Here's what changed, why it matters, and how to audit your setup before upgrading.
What Is the Source Hydrator?
The Source Hydrator is a feature in Argo CD that handles the transformation step between your source repository and your rendered manifests. In a standard Argo CD setup, you point an Application at a Git repo and Argo CD renders the manifests directly. The Source Hydrator adds a middle layer: a controller that runs before sync, processes sources (Helm templates, Kustomize overlays, or custom plugins), and writes the rendered output into a specific path before the sync loop picks it up.
It's designed for teams that want to decouple the manifest generation step from the sync step — useful for auditing rendered output, enforcing policy checks between generation and deployment, or building custom rendering pipelines.
For most clusters, it's not in the critical path. But for teams that have built workflows around it, it's fundamental.
The Old Behavior: Delete First, Write Second
Before v3.3, the Source Hydrator operated with a specific sequence:
- Receive a sync trigger
- Delete all files in the application path
- Run the hydration pipeline
- Write new manifests to the now-empty path
- Signal Argo CD to proceed with sync
Step 2 was deliberate. The idea was clean state: every hydration starts from scratch. No stale manifests from a previous run. No partial overlaps from a configuration change that removed a resource.
# Example Application spec using Source Hydrator
apiVersion: argoproj.io/v1alpha1
kind: Application
metadata:
name: my-app
namespace: argocd
spec:
source:
repoURL: https://github.com/my-org/my-app
targetRevision: main
path: config/base
destination:
server: https://kubernetes.default.svc
namespace: my-app
hydrator:
enabled: true
outputPath: config/rendered # <-- this path was auto-cleared before v3.3
syncPolicy:
automated:
prune: true
selfHeal: true
The hydrator would clear config/rendered completely before writing the new output. That's the behavior that changed.
Why the Old Behavior Was a Problem
Clean-state semantics sound correct. The failure mode is subtle.
The deletion and the write are not atomic. They happen sequentially. If the write phase fails — for any reason — after the deletion has already completed, you're left with an empty path.
What does an empty application path mean for Argo CD?

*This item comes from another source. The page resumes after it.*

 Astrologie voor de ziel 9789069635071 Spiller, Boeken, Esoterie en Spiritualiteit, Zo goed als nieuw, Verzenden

It means the sync loop sees no manifests for that application. Depending on your sync policy, this can result in:
- The application entering a
MissingorUnknownstate - Argo CD pruning live resources if
prune: trueis set (it will delete what's running in the cluster because nothing in Git says it should exist) - Automated sync loops re-triggering repeatedly against the empty path
None of these outcomes are recoverable without manual intervention once the sync has propagated. And the failure mode is timing-dependent — most of the time it won't happen. That makes it harder to detect in testing and much more surprising when it fires in production.

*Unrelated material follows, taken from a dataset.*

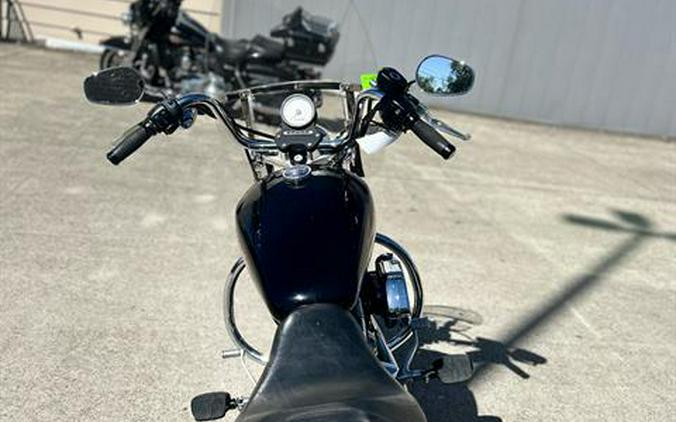 2013 Harley-Davidson Sportster® 883 SuperLow®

The specific conditions that can trigger this:
- Network interruption between the hydration controller and the Git repository during the write phase
- Plugin timeout — a custom rendering plugin that takes longer than expected, causing the hydrator to time out after deletion but before the write completes
- API rate limiting — if your hydration pipeline makes API calls and hits a rate limit after the deletion step
- Partial manifest set — an edge case where the hydration pipeline writes some manifests before failing midway
I've seen the plugin timeout variant. A cluster with a custom rendering step that parsed external config during hydration. Under load, the config fetch would occasionally stall past the hydrator's timeout. The deletion would complete. The write would not. Four minutes passed before the monitoring alert surfaced — and by then the automated sync had already pruned two deployments.
The alert was set on sync state, not path health. That's a gap worth closing regardless of which Argo CD version you're running.
What v3.3 Changes
Argo CD 3.3 removes the automatic deletion step. The Source Hydrator now writes new manifests to the application path without clearing it first.
The new sequence:
- Receive a sync trigger
- Run the hydration pipeline
- Write new manifests into the existing path (overwriting changed files, leaving unchanged files in place)
- Signal Argo CD to proceed with sync
This eliminates the empty-path failure window. If the write fails midway, the previous manifests are still in place. The sync loop operates against a known state.
The tradeoff: stale manifests are no longer cleaned up automatically. If a resource was removed from your source but the rendered manifest file still exists in the output path, it won't be deleted by the hydrator. You need Argo CD's own prune setting to handle that — which it does, but only after the sync runs against the stale manifest.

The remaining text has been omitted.